1 Hrabe J. CA Assemblyman Resigns To Take High-Paying Job in Pharmaceutical Industry. The California Political Review Dec. 27, 2015.
2 Fisher BL. Here Comes the 21st Century Cures Act: Say Goodbye to Vaccine Safety Science. NVIC Newsletter July 21, 2015.
3 Mason M. Pharmaceutical Industry Scoops Up Former Assemblyman Henry Perea. Los Angeles Times Dec. 22, 2015.
4 National Conference of State Legislators. Rules Against Legislators Lobbying State Government After They Leave Office. National Conference of State Legislators Oct. 15, 2015.
5 Haelle T. California Vaccination Bill SB 277 Signed by Governor, Becomes Law. Forbes June 30, 2015.
6 Vote Smart. Henry Perea’s Voting Records. VoteSmart.org.
7 Cal-Access. Lobby Activity: Pharmaceutical Research and Manufacturers of America. California Secretary of State Alex Padilla.

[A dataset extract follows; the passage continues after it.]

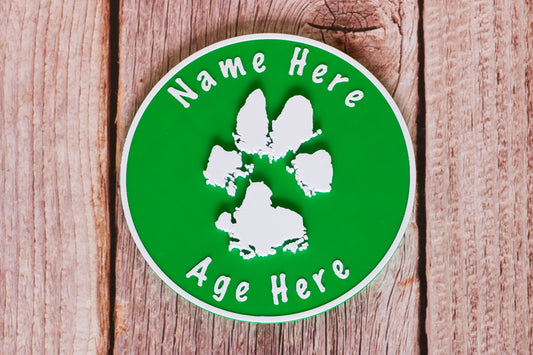 Personalised 3D Dog Paw Print Standing Plaque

8 National Institute on Money in State Politics. Perea, Henry T. FollowTheMoney.org.
9 Amgen. 2015 Political Contributions (January 1–June 30). Amgen.
10 Pfizer Political Action Committee. Pfizer PAC and Corporate Political Contributions Report (January 2013–December 2014). Pfizer.
11 Mercola J. Collusion Between Pharmaceutical Industry and Government Deepens. Mercola.com Aug. 2, 2012.